The hidden assumption inside expected-value reasoning is ergodicity — the idea that the average outcome across many people equals the average outcome for one person across time. When that assumption holds, EV calculations work as advertised. When it doesn't — and in finance, health, careers, and most of the decisions that actually matter, it doesn't — the gap between the two can swallow you whole.
This is the concept that economists Ole Peters and Murray Gell-Mann argue has been quietly broken at the heart of modern economics for sixty years. It's also the most important idea you've probably never heard of. Once you understand it, you start to see ergodicity violations everywhere — and you make different choices.
What ergodicity actually means
A precise definition, then a plain-English one
A process is ergodic if the average outcome across many parallel realisations of it (the ensemble average) equals the average outcome for one realisation followed across time (the time average). Coin flips are ergodic: flip 1,000 fair coins once each, or flip one fair coin 1,000 times — both procedures converge on a 50% heads rate.
A process is non-ergodic if those two averages diverge. Most things you actually care about — your wealth over a lifetime, your health, your career, the stock market, the gambler's bankroll — are non-ergodic. The ensemble average tells you nothing useful about what happens to you.
The plain-English version: ergodicity asks whether "average across people" tells you anything about "average across time". Sometimes yes. Often no. The decisions where the answer is "no" are the decisions where most people get hurt.
The coin-flip game that breaks expected value
Ole Peters' canonical example
Here's a thought experiment from Ole Peters that demonstrates the problem cleanly. Imagine a game where you flip a fair coin repeatedly. The rules:
- If heads, your wealth increases by 50%.
- If tails, your wealth decreases by 40%.
The ensemble average is straightforward. Across many parallel players, the expected outcome of one round is 0.5 × 1.5 + 0.5 × 0.6 = 1.05. A 5% expected gain per round. Repeat this game forever and the average wealth across all players grows exponentially. By the maths of expected value, this is a brilliant game and you should bet your whole net worth every round.

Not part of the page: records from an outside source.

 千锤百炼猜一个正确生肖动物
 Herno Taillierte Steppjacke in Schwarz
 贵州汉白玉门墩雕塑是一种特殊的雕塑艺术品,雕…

Now follow one player across time. After a heads-tails sequence: 1.0 × 1.5 × 0.6 = 0.9. A 10% loss every two rounds. The time-averaged growth rate is negative. Almost every player goes broke. The handful who don't drag the ensemble average up because the few that get lucky get astronomically rich, but the typical player — and almost certainly you, if you played — loses everything.

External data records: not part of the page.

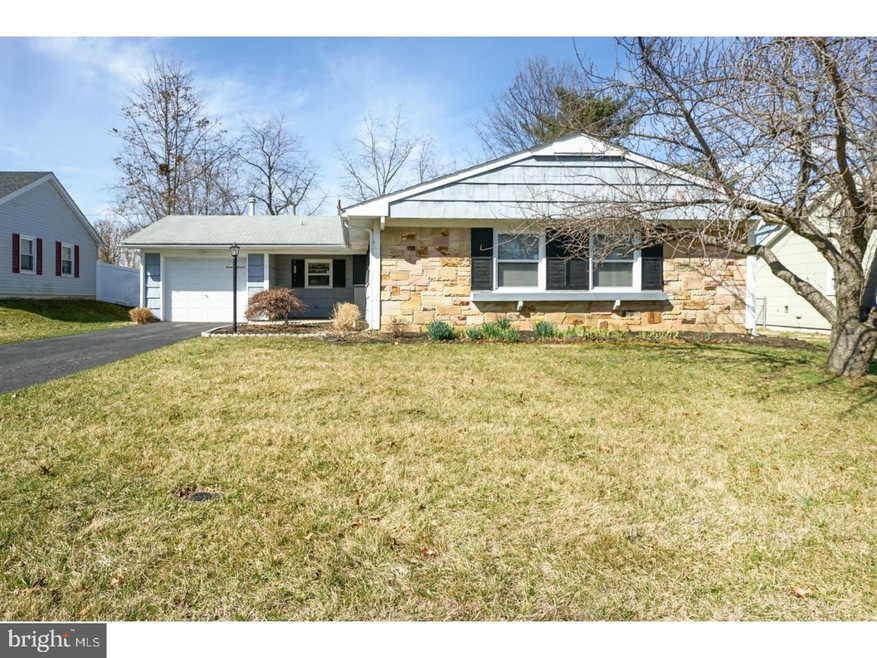 10 Guild Ct, Willingboro, NJ 08046 - photo 1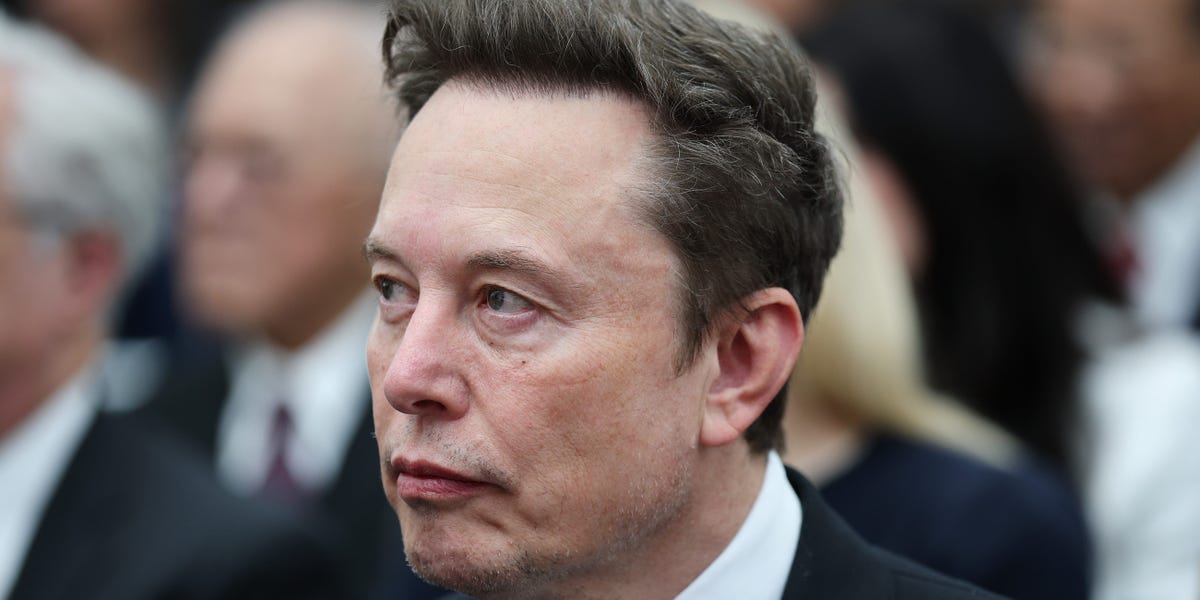 Elon Musk Wants Kids to Own SpaceX Stock. Gifting Shares Isn't New.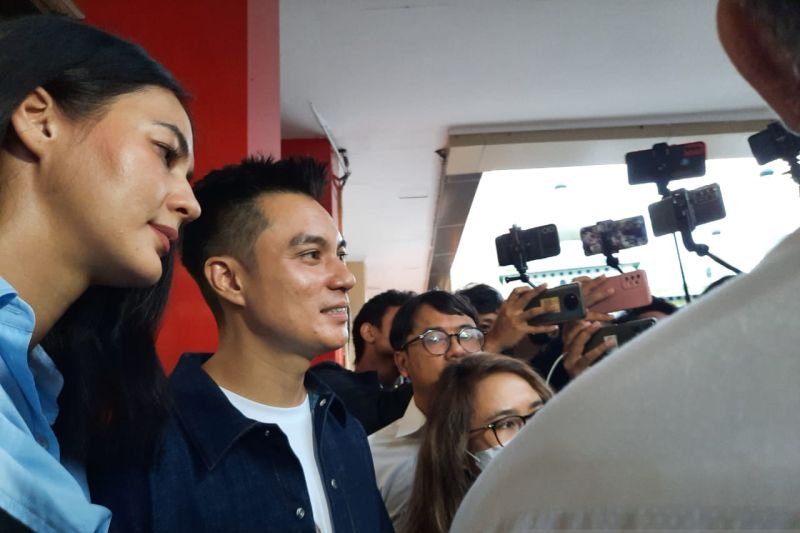 Baim Wong dan Paula Verhoeven memberikan keterangan pers usai menjalani pemeriksaan di Polres Metro Jakarta Selatan, Jumat (7/10/2022). ANTARA/ Yoanita HD - Image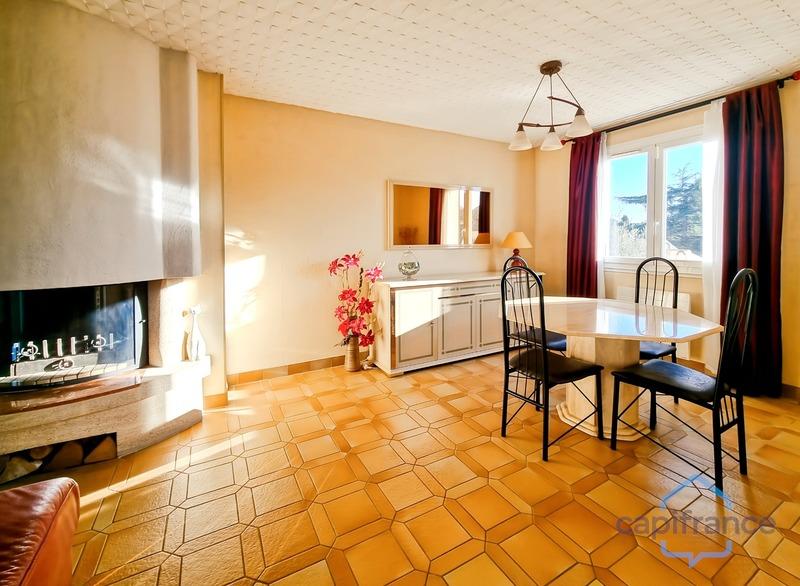 Maison - 222 m² - 8 pièces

Both calculations are correct. They describe different things. Expected value answers "what's the average outcome across all possible worlds?". Time average answers "what's the typical outcome for one person playing repeatedly?". For repeated decisions in your own life, only the second number matters. The first is a statistical artefact about parallel universes you don't get to live in.
Why your intuition gets this wrong
Expected-value thinking is the default — and it's badly miscalibrated
The intuition that expected value is the right way to think comes from environments where ergodicity actually holds. Most casino games, when played in tiny stakes relative to your bankroll, are roughly ergodic — your bankroll fluctuates around a slow drift. The school maths examples, where probabilities map neatly onto frequency counts, are ergodic. The Bayesian-update problems in undergraduate textbooks are ergodic.

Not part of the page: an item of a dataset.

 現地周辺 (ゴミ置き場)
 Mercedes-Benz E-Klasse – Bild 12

But the moment you scale stakes relative to your bankroll, or introduce path-dependent dynamics, ergodicity breaks. Wealth multiplies rather than adds. Losses can't be recovered by symmetric gains (a 50% loss requires a 100% gain to get back to flat — losses and gains are not commutative under multiplication). One bad outcome forecloses all future outcomes — "ruin" is absorbing. Time matters in ways the ensemble average literally cannot see.
This is why people who reason from textbook expected value are systematically wrong about real-world risk-taking. They take bets that look great on paper, get unlucky once, and discover they've optimised for an average that doesn't apply to their actual life.
Investing: where ergodicity violations live
Compounding is the canonical non-ergodic process
The single most important application of ergodicity is investing. Returns compound multiplicatively, which means past losses constrain future gains. A portfolio that drops 50% needs a 100% gain to break even. Drop 90% and you need a 900% gain. The expected return on a stock can be positive while the median investor experiences a loss — because the asymmetric path crushes most realised trajectories.
Two practical implications:
Diversification isn't optional. The reason index funds work isn't that they have higher expected returns than concentrated portfolios — they often have lower expected returns. They work because they have higher time-averaged returns. Concentrated portfolios have higher variance, and variance corrodes geometric returns. The ensemble average rewards concentration; the time average punishes it.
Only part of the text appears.